Girls Around Me uses Foursquare, the location-based mobile service, to determine your location. It then scans for women in the area who have recently checked-in on the service. Once you identify a woman you’d like to talk to, one that inevitably has no idea you’re snooping on her, you can connect to her through Facebook, see her full name, profile photos and send her a message.

You can read in the article title that the app is described as “creepy,” which it is, and that it is a violation of Four Square’s API policy but since I assume that the user is consenting to the data mining this app performs it is legal. Which has me thinking that this could be held up as an example of “what’s wrong with privacy” that leads to one of those watershed moments.

In the past 12-18 months we’ve seen an increasing number of stories on privacy violations and these are accompanied by an increasing number of regulators and lawmakers rushing to enact legislation. The most recent example of this was the call from Senators Charles E. Schumer of New York and Richard Blumenthal of Connecticut to limit employers ability to ask for social network credential from employees.

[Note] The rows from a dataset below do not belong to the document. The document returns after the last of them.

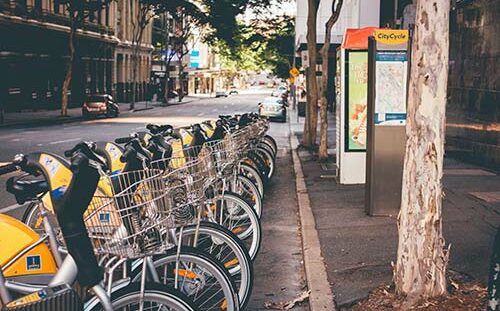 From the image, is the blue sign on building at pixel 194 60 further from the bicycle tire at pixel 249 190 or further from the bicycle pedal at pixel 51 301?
the bicycle pedal at pixel 51 301

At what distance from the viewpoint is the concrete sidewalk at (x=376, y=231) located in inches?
246

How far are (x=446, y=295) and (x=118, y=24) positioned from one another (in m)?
62.8

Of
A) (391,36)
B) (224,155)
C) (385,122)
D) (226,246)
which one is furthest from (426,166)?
(391,36)

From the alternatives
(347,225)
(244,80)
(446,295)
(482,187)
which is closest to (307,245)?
(347,225)

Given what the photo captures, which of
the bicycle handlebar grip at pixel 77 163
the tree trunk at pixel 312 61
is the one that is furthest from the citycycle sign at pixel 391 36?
the tree trunk at pixel 312 61

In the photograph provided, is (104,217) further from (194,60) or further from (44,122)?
(194,60)

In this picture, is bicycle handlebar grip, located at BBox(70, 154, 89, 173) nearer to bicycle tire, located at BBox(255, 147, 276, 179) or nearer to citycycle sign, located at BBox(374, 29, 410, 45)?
citycycle sign, located at BBox(374, 29, 410, 45)

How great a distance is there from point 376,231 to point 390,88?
88.3 inches

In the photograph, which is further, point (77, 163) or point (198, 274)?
point (198, 274)

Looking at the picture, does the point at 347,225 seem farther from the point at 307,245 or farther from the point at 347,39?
the point at 347,39

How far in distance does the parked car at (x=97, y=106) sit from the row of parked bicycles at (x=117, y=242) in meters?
35.8

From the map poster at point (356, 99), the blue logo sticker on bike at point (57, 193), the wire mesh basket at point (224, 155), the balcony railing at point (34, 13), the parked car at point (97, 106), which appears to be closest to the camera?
the blue logo sticker on bike at point (57, 193)

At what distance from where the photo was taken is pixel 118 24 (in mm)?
65312

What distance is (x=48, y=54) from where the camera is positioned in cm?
4472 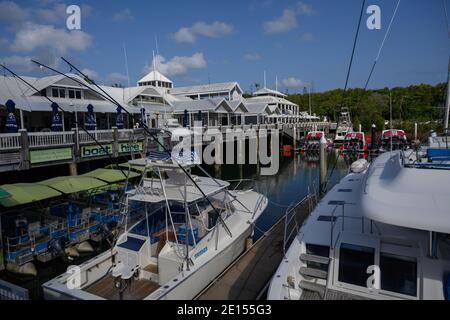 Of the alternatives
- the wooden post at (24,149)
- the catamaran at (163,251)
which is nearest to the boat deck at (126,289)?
the catamaran at (163,251)

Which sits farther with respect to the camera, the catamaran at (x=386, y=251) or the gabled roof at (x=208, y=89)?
the gabled roof at (x=208, y=89)

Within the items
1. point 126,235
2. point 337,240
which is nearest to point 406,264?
point 337,240

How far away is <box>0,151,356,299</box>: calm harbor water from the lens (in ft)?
33.0

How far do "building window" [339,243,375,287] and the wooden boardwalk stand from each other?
2.16 m

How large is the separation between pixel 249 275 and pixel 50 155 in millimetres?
11839

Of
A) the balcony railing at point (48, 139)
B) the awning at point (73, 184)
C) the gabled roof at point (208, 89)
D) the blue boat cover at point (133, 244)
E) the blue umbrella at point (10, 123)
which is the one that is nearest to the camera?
the blue boat cover at point (133, 244)

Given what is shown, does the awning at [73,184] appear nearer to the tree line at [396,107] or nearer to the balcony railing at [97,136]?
the balcony railing at [97,136]

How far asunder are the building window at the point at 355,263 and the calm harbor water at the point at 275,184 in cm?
650

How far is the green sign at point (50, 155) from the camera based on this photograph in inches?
554

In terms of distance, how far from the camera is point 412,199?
502 centimetres

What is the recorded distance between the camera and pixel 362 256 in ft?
18.2

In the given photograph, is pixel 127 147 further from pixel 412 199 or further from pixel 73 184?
pixel 412 199

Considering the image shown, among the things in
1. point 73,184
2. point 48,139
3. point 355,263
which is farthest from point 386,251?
point 48,139

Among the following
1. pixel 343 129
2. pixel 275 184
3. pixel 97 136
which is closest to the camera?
pixel 97 136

If the story of Girls Around Me gains some traction, and it may since it appears in the New York Times, then we could see a similar reaction here. At some point in the future, and I’m betting sooner rather than later, public reaction in the US to one of these stories is going to be strong enough that serious legislation that puts real restrictions on what personal information companies can collect and limit their ability to aggregate it will appear.

We’ve recently seen the relatively toothless US Privacy BIll of Rights and just last week the FTC released a major privacy statement (also toothless) but these are only the steps to something bigger. I can feel it coming.